[License-review] For Approval: The Cryptographic Autonomy License
Scott Peterson
speterso at redhat.com
Tue Apr 30 20:06:21 UTC 2019
I arrive late to this discussion. I am sorry. I should have paid attention
earlier.
I have just realized that this license asserts that:
"... making aspects of the Software, including any interfaces used for
access to or manipulation of User Data, directly or indirectly available to
the public"
is an exclusive right of an owner of copyright in the text of software.
If the authors of software who choose to use this license could available
themselves of this sort of exclusive right without impacting anyone else,
then, fine, whatever. But, they can't. The rights under copyright are (for
better or for worse) granted without any action needed on the part of the
owner to claim such rights. If this right is a part of the exclusive rights
of a copyright holder, then it would apply to existing software -- not just
to those who would like a certain type of licensing arrangement.

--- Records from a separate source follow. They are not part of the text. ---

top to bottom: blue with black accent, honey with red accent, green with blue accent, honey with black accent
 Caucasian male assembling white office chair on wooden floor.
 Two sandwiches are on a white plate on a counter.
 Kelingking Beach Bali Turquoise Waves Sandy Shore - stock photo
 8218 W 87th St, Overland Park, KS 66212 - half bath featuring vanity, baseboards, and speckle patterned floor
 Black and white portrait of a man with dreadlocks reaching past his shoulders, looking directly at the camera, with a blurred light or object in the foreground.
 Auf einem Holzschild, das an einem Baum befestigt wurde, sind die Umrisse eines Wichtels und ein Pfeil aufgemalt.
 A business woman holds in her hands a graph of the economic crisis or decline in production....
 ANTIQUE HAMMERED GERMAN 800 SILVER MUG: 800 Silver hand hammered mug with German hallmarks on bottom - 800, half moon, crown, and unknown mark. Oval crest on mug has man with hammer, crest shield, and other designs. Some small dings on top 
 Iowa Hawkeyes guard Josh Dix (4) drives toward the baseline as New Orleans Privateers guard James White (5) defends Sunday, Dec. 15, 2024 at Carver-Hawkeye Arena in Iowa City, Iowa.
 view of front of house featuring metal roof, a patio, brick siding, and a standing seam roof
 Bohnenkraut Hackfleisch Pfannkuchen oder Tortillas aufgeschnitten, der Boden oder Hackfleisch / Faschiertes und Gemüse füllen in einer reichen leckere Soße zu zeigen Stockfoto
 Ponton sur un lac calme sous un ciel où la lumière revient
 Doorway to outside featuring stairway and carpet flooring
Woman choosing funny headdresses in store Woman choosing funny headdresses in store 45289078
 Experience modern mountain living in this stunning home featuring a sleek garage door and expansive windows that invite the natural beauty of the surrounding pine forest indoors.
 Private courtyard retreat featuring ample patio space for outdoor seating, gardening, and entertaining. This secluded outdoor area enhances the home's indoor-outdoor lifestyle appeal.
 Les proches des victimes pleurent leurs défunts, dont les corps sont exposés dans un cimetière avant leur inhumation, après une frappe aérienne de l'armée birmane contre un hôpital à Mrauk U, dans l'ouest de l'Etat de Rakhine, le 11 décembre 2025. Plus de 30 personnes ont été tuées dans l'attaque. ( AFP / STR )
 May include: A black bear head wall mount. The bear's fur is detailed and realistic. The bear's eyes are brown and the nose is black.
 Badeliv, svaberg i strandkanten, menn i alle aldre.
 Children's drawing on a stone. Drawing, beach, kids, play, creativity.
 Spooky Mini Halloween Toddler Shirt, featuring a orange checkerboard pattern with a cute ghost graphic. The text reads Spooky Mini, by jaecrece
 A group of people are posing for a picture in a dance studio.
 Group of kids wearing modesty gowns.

Think of all of the software that is functioning all around us -- software
that was built and does what it does every day without the expectation of
this twist on an exclusive right of public performance.
In my view, we do not need a new exclusive right for software; we have
enough already.
Of course, a license cannot create a new exclusive right. However, it can
create a base on which others might build FUD.
Let's reduce, rather than increase, FUD about rights relating to software.
Whatever the other merits of the license as a whole, I hope that it is
revised to eliminate the implication that interoperation of software
implicates an exclusive performance right.